The way that a bounded width computation will compute a formula is simple: if the formula is true let the output be the identity element ${1}$ of the group; if the formula is false, then the output will be a ${g}$ that is not the identity. To make the induction work we will insist that ${g}$ can be any non-identity element. This is a standard Pólya trick that makes the proof work nicely. Clearly, we can handle any input variable ${x_{i}}$. Negation is also simple: just multiple by ${g^{-1}}$ and this flips the value of ${1}$ and ${g}$.

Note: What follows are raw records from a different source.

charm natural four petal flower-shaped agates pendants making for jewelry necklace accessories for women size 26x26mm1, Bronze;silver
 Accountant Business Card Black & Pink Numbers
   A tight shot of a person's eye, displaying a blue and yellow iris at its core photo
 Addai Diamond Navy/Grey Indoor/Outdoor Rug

The key case is how do we do an “or” gate? Suppose that we want to compute ${{\cal A} \vee {\cal B}}$. Further assume that we want the values of this computation to be ${1,g}$. Then, we can select ${a,b}$ so that ${[a,b] = g}$. Let’s use ${A}$ (resp. ${B}$) to denote the bounded width computation that computes ${ \cal A}$ (resp. ${\cal B}$). Then, the claim is that $\displaystyle C = A \rightarrow B \rightarrow A^{-1} \rightarrow B^{-1}$

computes the “or”. The arrow $\to$ means they form a series of “boxes”. It should be clear that if either ${A}$ or ${B}$ outputs ${1}$, then ${C}$ outputs ${1}$. What happens if they both do not output ${1}$. Then we get the value $\displaystyle g = aba^{-1}b^{-1}.$

But this is the value that we needed. Pretty clever.

Related Results

I have some interesting related results that I wanted to talk about. Since this post is already getting a bit long I will explain some of the related work on Barrington’s Theorem in the future.

Open Problems

This area is rich with open problems. For starters we do not understand what groups are needed to make Barrington’s Theorem work. He shows that any non-abelian simple group is enough. In the opposite direction it is known that no nilpotent group will work. The big open question is what about solvable groups? We believe that they should not be able to compute the majority function, but we all guessed wrong before so perhaps we are wrong again. It is not hard to see that the exact technology that David uses will not work for solvable groups. But that, of course proves nothing. I consider this one of the most interesting open questions in this area of theory. The reason that nilpotent groups can be handled is that they are always direct products of p-groups. And p-groups can be handled by known results.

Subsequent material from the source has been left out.